İstanbulʼdan giden ve büyük bir âlim
olan Bağdatlı Abdurrahman Efendi, Brezilyaʼda büyük bir müslüman
kitlenin varlığını fark eder. Fakat İslâm kimliğini kaybetmek
üzeredirler. Namazı, abdesti dahî neredeyse unutmuşlardır.
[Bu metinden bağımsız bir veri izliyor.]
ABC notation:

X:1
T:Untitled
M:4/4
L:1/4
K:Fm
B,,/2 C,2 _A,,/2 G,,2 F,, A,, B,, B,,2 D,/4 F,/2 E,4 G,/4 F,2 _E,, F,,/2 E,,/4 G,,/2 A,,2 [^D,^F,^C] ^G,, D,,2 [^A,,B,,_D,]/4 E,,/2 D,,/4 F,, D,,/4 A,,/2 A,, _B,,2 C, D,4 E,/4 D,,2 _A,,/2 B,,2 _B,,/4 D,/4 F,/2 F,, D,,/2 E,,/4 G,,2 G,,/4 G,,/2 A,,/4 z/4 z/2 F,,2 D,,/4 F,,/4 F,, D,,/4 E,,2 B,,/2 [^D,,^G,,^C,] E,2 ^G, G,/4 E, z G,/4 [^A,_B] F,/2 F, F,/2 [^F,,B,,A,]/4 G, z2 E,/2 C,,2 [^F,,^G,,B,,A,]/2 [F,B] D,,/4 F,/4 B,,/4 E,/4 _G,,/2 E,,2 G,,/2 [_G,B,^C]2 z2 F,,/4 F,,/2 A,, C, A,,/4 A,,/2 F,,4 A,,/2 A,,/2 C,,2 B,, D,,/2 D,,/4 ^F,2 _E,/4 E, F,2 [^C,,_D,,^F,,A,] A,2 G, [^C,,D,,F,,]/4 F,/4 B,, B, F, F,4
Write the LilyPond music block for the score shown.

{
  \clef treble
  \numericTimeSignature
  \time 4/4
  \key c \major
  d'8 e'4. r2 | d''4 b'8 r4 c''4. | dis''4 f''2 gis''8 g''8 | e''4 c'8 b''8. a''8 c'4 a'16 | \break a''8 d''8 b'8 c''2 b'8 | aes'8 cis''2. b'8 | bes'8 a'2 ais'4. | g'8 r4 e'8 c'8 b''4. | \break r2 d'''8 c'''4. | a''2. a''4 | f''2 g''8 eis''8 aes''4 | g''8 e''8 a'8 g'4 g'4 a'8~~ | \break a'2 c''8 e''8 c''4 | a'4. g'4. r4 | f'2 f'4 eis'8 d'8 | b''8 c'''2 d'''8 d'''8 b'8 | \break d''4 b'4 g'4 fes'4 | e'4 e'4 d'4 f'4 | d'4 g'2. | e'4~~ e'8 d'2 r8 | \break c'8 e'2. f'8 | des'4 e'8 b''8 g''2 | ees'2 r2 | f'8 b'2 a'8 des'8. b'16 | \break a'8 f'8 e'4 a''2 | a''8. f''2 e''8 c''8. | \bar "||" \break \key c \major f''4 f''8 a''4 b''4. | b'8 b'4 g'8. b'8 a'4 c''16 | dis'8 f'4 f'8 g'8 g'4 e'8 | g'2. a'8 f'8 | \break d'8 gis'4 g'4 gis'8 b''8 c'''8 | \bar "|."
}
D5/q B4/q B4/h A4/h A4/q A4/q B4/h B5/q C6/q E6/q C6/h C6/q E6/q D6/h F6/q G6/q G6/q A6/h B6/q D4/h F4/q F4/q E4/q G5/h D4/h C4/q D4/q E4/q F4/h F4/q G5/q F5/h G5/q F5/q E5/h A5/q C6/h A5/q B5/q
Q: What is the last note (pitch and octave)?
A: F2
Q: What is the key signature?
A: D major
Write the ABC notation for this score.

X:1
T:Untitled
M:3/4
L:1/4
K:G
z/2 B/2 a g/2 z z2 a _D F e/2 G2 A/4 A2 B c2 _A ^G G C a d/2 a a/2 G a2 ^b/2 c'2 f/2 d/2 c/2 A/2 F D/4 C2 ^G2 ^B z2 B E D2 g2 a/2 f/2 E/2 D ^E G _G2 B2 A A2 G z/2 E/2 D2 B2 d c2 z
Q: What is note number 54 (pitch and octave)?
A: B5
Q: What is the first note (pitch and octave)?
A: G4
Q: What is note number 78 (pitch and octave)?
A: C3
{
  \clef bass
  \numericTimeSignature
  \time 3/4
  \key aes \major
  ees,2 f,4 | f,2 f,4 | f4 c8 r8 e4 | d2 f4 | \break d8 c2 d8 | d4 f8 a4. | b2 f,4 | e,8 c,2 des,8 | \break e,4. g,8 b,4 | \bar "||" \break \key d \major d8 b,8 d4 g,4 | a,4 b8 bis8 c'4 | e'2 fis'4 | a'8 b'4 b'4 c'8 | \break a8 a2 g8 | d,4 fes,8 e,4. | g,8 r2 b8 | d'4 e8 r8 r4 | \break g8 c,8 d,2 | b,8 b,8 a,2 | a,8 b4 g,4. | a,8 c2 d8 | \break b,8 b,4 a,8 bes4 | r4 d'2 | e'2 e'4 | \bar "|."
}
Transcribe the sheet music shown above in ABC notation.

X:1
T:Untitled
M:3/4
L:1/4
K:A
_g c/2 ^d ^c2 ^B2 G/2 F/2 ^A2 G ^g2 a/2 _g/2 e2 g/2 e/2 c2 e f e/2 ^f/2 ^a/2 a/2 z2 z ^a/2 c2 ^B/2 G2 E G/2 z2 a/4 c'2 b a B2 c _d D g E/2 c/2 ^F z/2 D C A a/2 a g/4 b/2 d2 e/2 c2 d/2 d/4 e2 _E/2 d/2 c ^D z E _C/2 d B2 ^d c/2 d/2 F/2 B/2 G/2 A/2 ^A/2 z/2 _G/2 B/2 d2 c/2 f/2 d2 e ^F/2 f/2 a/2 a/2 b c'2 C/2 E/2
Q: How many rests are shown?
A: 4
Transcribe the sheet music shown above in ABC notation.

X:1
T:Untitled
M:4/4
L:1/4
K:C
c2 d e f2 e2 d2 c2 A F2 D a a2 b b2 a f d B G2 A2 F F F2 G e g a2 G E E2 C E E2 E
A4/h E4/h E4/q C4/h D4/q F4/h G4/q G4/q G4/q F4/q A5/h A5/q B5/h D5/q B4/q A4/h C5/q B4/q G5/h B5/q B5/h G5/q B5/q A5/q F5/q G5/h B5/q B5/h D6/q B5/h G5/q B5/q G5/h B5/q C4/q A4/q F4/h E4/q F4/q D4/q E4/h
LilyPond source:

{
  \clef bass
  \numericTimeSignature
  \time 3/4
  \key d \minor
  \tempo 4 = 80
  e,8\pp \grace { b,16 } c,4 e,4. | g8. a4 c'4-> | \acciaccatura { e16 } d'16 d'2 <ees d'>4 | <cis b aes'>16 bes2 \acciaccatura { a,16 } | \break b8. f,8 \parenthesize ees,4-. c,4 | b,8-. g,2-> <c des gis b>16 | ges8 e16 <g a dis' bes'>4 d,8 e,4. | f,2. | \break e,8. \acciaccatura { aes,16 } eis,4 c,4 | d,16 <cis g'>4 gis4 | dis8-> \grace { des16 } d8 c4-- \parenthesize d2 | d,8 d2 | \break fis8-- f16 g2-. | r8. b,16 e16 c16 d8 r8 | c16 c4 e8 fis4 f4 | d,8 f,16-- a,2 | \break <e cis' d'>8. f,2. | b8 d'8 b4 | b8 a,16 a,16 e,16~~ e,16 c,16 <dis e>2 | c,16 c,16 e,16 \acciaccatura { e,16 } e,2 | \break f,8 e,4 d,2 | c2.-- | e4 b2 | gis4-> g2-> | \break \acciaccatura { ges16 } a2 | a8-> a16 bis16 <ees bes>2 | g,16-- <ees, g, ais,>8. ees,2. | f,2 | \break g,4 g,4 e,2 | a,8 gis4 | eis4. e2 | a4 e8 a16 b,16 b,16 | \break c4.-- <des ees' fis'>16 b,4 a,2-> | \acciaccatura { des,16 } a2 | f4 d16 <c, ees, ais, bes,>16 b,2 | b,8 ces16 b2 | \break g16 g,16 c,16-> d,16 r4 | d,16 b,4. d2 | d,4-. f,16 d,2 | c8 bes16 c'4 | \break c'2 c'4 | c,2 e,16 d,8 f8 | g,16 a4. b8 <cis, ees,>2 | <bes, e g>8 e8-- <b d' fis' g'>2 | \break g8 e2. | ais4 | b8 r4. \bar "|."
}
Bunun üzerine
komutandan izin alarak, burada kalmaya karar verir ve 6 yıl, oradaki
insanlara dîn-i mübîn-i İslâmʼı anlatır.
İşte bu ve benzeri misaller, bugün
bizlerin nasıl bir gayret-i dîniyye sahibi olmamız gerektiğini ve
mes’ûliyetimizin büyüklüğünü hatırlatan müşahhas numûnelerdir.
KENDİ HÂLİMİZİ SIK SIK MUHÂSEBE ETMEK ZORUNDAYIZ
Bu hususta kendi hâlimizi sık sık muhâsebe etmek durumundayız. Düşünmeliyiz ki, başta Rasûlullah -sallâllâhu aleyhi ve sellem-
Efendimiz olmak üzere, ashâb-ı kirâmın, Hak dostlarının ve gayret-i
dîniyye sahibi bütün ehl-i îmânın, Allah için sergiledikleri
fedakârlıklardan bizde ne kadar hisse var?
Müslümanların sevinciyle ne kadar
mesrur, ıztıraplarıyla ne kadar mahzûnuz? Muzdarip din kardeşlerimiz
için, elimizden, dilimizden ve gönlümüzden ne kadar fedakârlık
hâlindeyiz? Din kardeşlerimizi kendimize tercih edebiliyor muyuz?
Bizler, Peygamber Efendimizʼin ümmetine
göstermiş olduğu şefkat, merhamet ve bilhassa fedakârlığı hangi seviyede
yaşayabiliyoruz? Hidâyet bekleyenlere, İslâmʼı hâlimizle ve kālimizle
ne kadar tebliğ ve temsil edebilmenin gayreti içindeyiz?
Velhâsıl, hâl ve davranışlarımız itibâriyle, ne kadar Allah Rasûlüʼyle beraberiz? Ne kadar Oʼna yakın olma arzusundayız?..
Cenâb-ı Hak cümlemizi; Yüce
Zâtʼına ve Sevgili Rasûlʼüne duyduğu îman muhabbetini samimî
fedakârlıklarla ispat edebilen sâlih kulları arasına, lûtf u keremiyle
kabul buyursun.
Âmîn!..
Kaynak: Osman Nûri Topbaş, Altınoluk Dergisi, 2015 – Ocak, Sayı: 347, Sayfa: 032.